A developer pulled the plug on a planned East Franklin Street hotel Wednesday in the face of opposition from residents and town advisory boards.
The six-story, 106-room hotel with 28 extended-stay apartments was planned for a vacant residential site at 1609 E. Franklin St. Developer HPW Properties asked the council to postpone the public hearing to Feb. 22, to allow time for addressing a list of traffic, noise, height and other concerns.
The town’s Planning Commission and Community Design Commission had recommended the council reject the hotel.
Coldwell Banker HPW owner Don Walston announced instead that the company would move forward with a two-story, 17,300-square-foot office project approved for the 1.8-acre site in 2009. That project had been sidelined by the economic recession and was replaced with the hotel plans in 2013.
A new zoning application was submitted for the hotel project in August, after a new state law ended citizens’ ability to file rezoning protest petitions. The hotel project’s neighbors had submitted a protest petition, which would have required seven of the nine council members to approve a rezoning.
“I see we’re not going to get anywhere on this particular issue. Let’s go back to the original plan where we build an office building,” Walston said. “I think in terms of getting the T’s cross and I’s dotted, we’ve got too many people who object to it, and I understand the position.”
Wednesday’s meeting confused both council and audience members, as the council struggled to decide when to hold the public hearing and the developers asked the council to tell them how to design the hotel.
The council must open the public hearing before commenting or asking questions, Town Attorney Ralph Karpinos reminded them.
Hold the public hearing now, Coker Hills resident Shauna Farmer and others said, particularly since the hotel plans have changed many times. They do not oppose the approved office building, Farmer said.
“If the applicant is allowed to change the application now, at this stage, the process and the opportunity for public input into any new changes is circumvented,” she said. “If the applicant’s proposed changes are not substantial, then the applicant should proceed in the normal process as described in town materials.”
Walston’s decision to pull the hotel plan cut short the hearing, prompting town staff to suggest wrapping up with a vote but no public comment.
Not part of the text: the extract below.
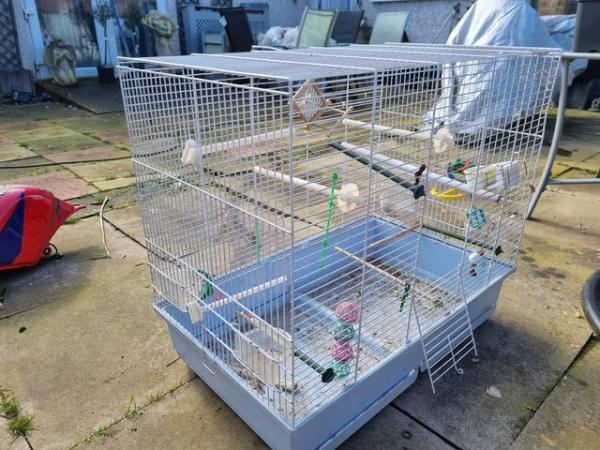 Image 4 of 2 bird cages 1 large 1 small need cleaning both good.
The public should still have the opportunity to speak, Mayor Pam Hemminger said.
“We need to let the public speak,” she said. “They’ve waited, they’ve been here.”
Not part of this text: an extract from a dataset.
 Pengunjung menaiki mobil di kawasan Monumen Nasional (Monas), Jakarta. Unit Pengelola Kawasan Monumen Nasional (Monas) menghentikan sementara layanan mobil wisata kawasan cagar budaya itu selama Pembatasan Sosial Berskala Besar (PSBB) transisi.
Residents said they were happy with the developer’s decision, but they also took one last opportunity to criticize the defunct hotel plan.
“It’s the adjacent, quiet, thoughtful businesses like Psychology Associates, the nursing home, the ballet studio and the homes on Velma (Street) that would really forever be impacted by (various construction and truck noises),” said Chris Krueger, a construction professional and project manager for the Durham Performing Arts Center.
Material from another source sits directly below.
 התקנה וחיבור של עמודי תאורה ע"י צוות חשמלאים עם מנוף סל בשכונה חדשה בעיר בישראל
“In the end, I’m left wondering how a hotel fits in there, and I’m worried about the traffic,” he said. “The traffic is already difficult to enter into on Franklin Street, from 1611 or 1609 (E. Franklin St.) and the construction traffic will tie that up even worse.”
The developer will return to the council in February after workign with town staff to identify changes since 2009 to local stormwater, lighting and other land-use rules. The team will have to figure out how to make the office building viable, said Chuck Walker, with Priest, Craven and Associates.
“Quite frankly, the site plan has been around since ‘09 with no takers, so we have to see if there’s anything in the marketplace we can do to stir that process,” he said.